In recent years, the use of the electrical test method (ETM) has become more common to measure the temperature of semiconductor junctions. This method makes use of correlating the relationship of the semiconductor forward voltage to the temperature of the device, which is often linear but is always a unique correlation. This method has been recognized by JEDEC, and in particular for LEDs in 2012 when standards were issued (JESD 51‒50 through 53). The device under test (DUT) must be calibrated, or the Vf-Tj relationship must be determined to use this method. This is a straightforward method, and after completion the DUT may be used in an assembly to fully characterize a system’s thermal performance.
However, one issue that may occur is that of an assembly where the DUT may not be easily removed for calibration or, where for various reasons, it is not desired to do so. Without having the DUT calibrated, the unanswered questions are how one may find the junction temperature of the device and to what uncertainty, if at all. This paper attempts to answer these questions for a sample LED population and make some generalizations through the use of population statistics and voltage bins of LEDs.
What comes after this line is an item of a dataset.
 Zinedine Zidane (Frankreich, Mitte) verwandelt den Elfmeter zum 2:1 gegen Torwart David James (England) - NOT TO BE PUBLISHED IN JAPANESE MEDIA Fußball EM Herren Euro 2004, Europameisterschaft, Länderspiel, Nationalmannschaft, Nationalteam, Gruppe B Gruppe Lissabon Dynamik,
Two voltage bins of LEDs were obtained from a major LED manufacturer, each populated with 15 LEDs. The LEDs were mounted on small metal core printed circuit boards (MCPCBs) and first calibrated individually. Per the ETM, the calibrations were conducted with low input currents (5 mA); this was significantly lower than the normal current used for Vf bin determination and became significant in the statistical analysis. The results show that when an LED population has a Vf spread of under 0.06 VDC at the 5 mA forward current, the Tj of the LEDs is known to a 12 °C band with 95% confidence and 7 °C with 75% confidence. A tighter bin spread less than 0.035 VDC provides lower bands of 8 °C and 5 °C with 95% and 75% confidence, respectively. The Vf spread at 5 mA drive current is the key factor in determining how close the Tj may be known with reasonable confidence.